Martini dirige cada año una carta a los milaneses el día de su patrón, San Ambrosio. La de este año, del día 7 de diciembre, propone a los cristianos una reflexión sobre la política, aquejada, dice, de abulia, indolencia e indiferencia ante los verdaderos problemas de fondo, que nublan y vulneran la conciencia humana. A los cristianos no les es suficiente lo democráticamente válido y políticamente correcto. Su texto es todo un programa. "La indolencia política es todo lo contrario de lo que la tradición griega y el Nuevo Testamento llaman parresía; es decir, libertad de llamar las cosas por su nombre. Las grandes apuestas del ser humano, la idea de la vida misma, la sexualidad, la familia, el trabajo, la precariedad social, no son objeto de una reflexión a fondo, sino que son engullidas por una neutralidad apática en la que todas las opiniones adquieren el mismo valor; por un sistema de pensamiento que no da prioridad al conocimiento y al intelecto, y que confunde la fortaleza con el consenso de masas".

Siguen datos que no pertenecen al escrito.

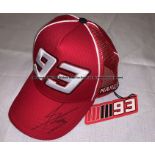 Marc Marquez signed MotoGP memorabilia, comprising a Marc Marquez cap, Pepsol Honda glove and 8 by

No invita el cardenal a la intolerancia, sino a la moderación, pero una moderación que supere el modelo radicalmente individualista y libertario, sólo atento a los derechos individuales, a la perduración en el poder, a la supervivencia en el bienestar propio, olvidadizo de los hombres últimos y de las últimas cuestiones. La democracia es marco apto para una sociedad creadora, pero no da el cuadro de contenidos; es necesaria, pero no es suficiente para una vida humana sensata y solidaria. La verdad real y la solidaridad comunitaria son hoy las dos instancias normativas de las personas y los dos desafíos supremos de la sociedad. De la respuesta a ellos dependen el futuro de la Iglesia, el porvenir moral de Europa y la dignidad del hombre mismo. Dos cardenales han abierto camino en este borde del tiempo bimilenario, invitando a vivir la vida en la verdad (Ratzinger) y la verdad en la vida (Martini).

Olegario González de Cardedal es miembro de la Real Academia de Ciencias Morales y Políticas.